Kinston Men Lose Final Appeal in Racial Discrimination Case Over Condemned Properties

RALEIGH, N.C. — Two Black property owners in Kinston have lost their final legal challenge over the city’s decision to condemn their properties, after the North Carolina Supreme Court declined to review their racial discrimination case.

Joseph Askew and Curtis Washington claimed that the City of Kinston unlawfully condemned three of their properties in 2017 based on a racially discriminatory process. But their case came to an end in June 2025, when the state’s high court allowed Kinston’s motion to dismiss the men’s appeal and declined to reconsider a lower court ruling against them.

Long Legal Battle Ends

The case, Askew v. City of Kinston, had already seen multiple reversals and rulings from both the Court of Appeals and the Supreme Court. In June 2024, the Supreme Court ruled that Askew and Washington were entitled to another review of their claims under the North Carolina Constitution.

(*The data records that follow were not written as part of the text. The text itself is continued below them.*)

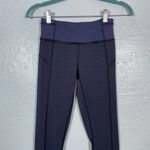 Lululemon Women 2 Pace Queen Tight Stripe Cadet Blue Black Athleisure Workout Photo 2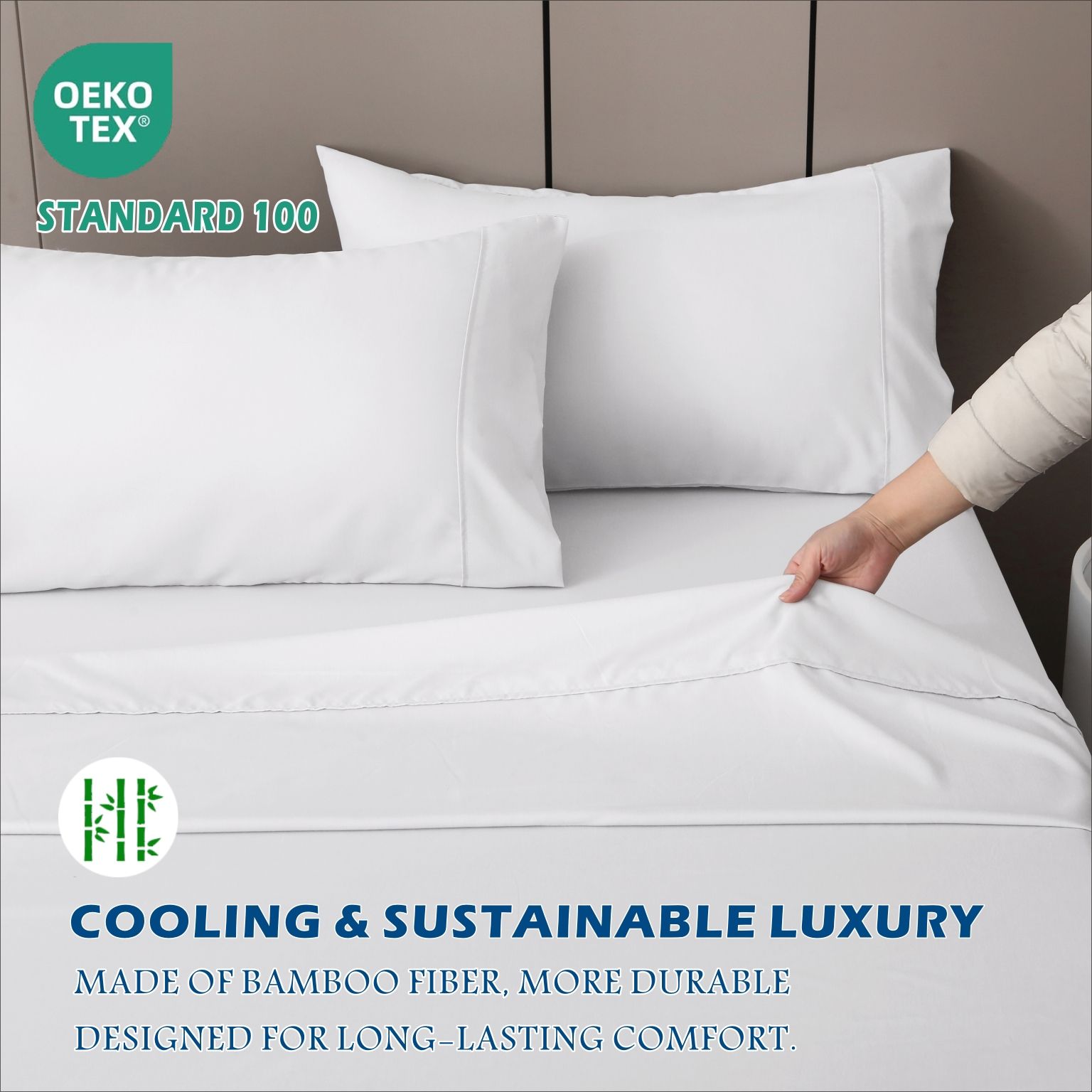 4 Piece Hotel Bamboo Cooling Sheet Set -Ultra Soft 2000TC Breathable Bed view 6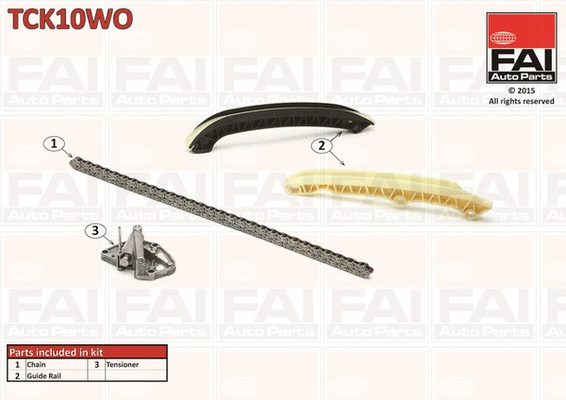 Pavaros grandinės komplektas FAI AutoParts TCK10WO
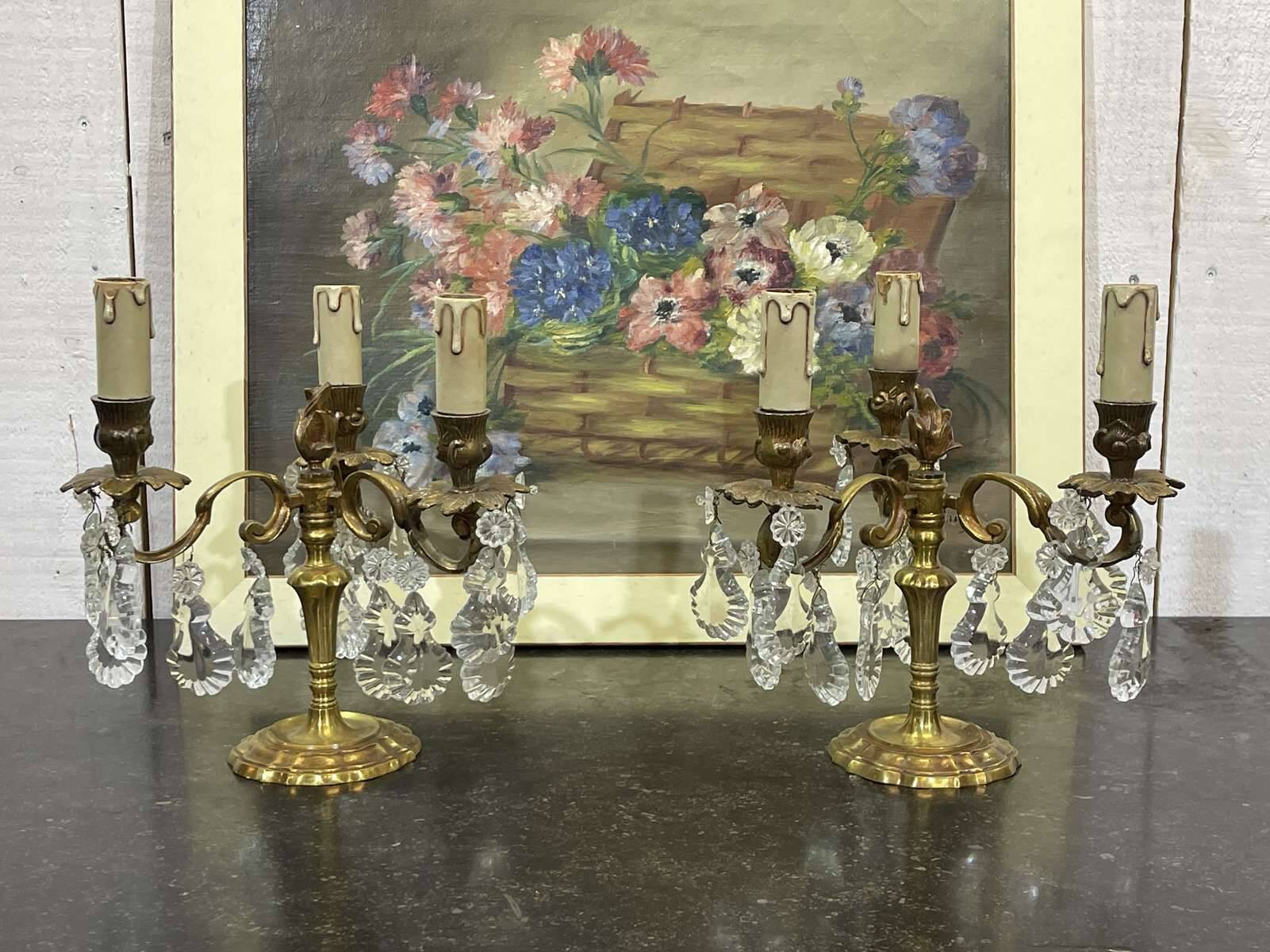 Pair of bronze chandeliers with crystal drops from the 1960s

But the Court of Appeals later affirmed a trial court’s dismissal of the case, ruling that Askew and Washington had access to “adequate state law remedies” and thus could not proceed with direct constitutional claims under a legal doctrine known as Corum v. University of North Carolina.

The Supreme Court’s petitions list released on a Friday in June 2025 confirmed that justices declined to review that ruling, siding with the city’s argument that the appeal had been filed one day too late.

Disputed Claims of Discrimination

Askew and Washington argued that Kinston's condemnation decisions violated their rights to due process and equal protection under Article I, Section 19 of the state Constitution. Their lawsuit accused the city of targeting properties for demolition based on racially biased criteria.

Kinston officials maintained that the plaintiffs could have used the administrative process to challenge the condemnations, including by petitioning the superior court for relief. In its 2024 opinion, the Court of Appeals concluded that this administrative remedy was sufficient.

If plaintiffs had proven that the city’s decisions "were impermissibly discriminatory, the superior court could have remanded the case with an order to direct the council to implement a nondiscriminatory process for selecting properties for condemnation," wrote Appeals Court Judge Allegra Collins. Judges John Arrowood and Michael Stading joined in the opinion.

Split Between Courts

The Supreme Court had previously criticized that line of reasoning. In her June 2024 opinion, Justice Anita Earls wrote that the appellate court improperly treated administrative exhaustion as a requirement for the court to hear Corum claims.

“Exhaustion of administrative remedies does not dictate jurisdiction over Corum claims,” Earls wrote, noting that such authority flows from the Constitution itself.

Earls distinguished between the plaintiffs’ two claims — one for due process and another for equal protection — and argued that only the due process claim could have been addressed by stopping the demolitions.

The equal protection claim, she explained, centered not on the outcome of the city’s actions but on how the city allegedly discriminated in selecting properties.

Final Ruling Stands

Despite the earlier victory at the Supreme Court, the Appeals Court upheld the dismissal of both claims upon review, finding the administrative remedies to be adequate. The Supreme Court’s decision not to take the case again means that ruling will stand.

In an October 2024 petition, the plaintiffs' attorney, Ralph Bryant, criticized the Appeals Court for reissuing the same decision previously reversed by the Supreme Court. But the high court declined to intervene further.

The outcome leaves Askew and Washington without further legal recourse, ending a yearslong battle over what they argued was a discriminatory practice that affected not only their properties but the fairness of Kinston’s condemnation process.